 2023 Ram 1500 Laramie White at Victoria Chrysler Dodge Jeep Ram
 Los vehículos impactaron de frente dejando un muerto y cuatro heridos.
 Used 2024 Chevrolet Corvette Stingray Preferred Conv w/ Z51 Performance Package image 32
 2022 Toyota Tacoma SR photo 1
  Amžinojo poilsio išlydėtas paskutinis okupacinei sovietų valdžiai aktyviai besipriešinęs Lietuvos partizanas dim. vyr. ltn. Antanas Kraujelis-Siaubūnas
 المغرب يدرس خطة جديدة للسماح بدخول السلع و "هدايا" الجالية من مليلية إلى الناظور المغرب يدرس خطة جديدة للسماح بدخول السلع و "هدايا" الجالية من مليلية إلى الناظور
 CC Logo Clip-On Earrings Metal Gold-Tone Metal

---

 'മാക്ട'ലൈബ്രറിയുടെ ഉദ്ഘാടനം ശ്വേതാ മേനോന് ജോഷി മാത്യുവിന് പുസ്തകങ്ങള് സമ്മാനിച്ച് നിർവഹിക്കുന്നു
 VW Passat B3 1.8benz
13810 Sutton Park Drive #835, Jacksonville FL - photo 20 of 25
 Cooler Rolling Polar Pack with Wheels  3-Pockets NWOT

◆ **REQUIRED WORK**:
Reproduce, exactly as they stand in the data above, the lines from the one that holds "إلى الناظور المغرب" to the one that holds "CC Logo Clip-On", inclusive.

◆ **TASK SOLUTION**:
 المغرب يدرس خطة جديدة للسماح بدخول السلع و "هدايا" الجالية من مليلية إلى الناظور المغرب يدرس خطة جديدة للسماح بدخول السلع و "هدايا" الجالية من مليلية إلى الناظور
 CC Logo Clip-On Earrings Metal Gold-Tone Metal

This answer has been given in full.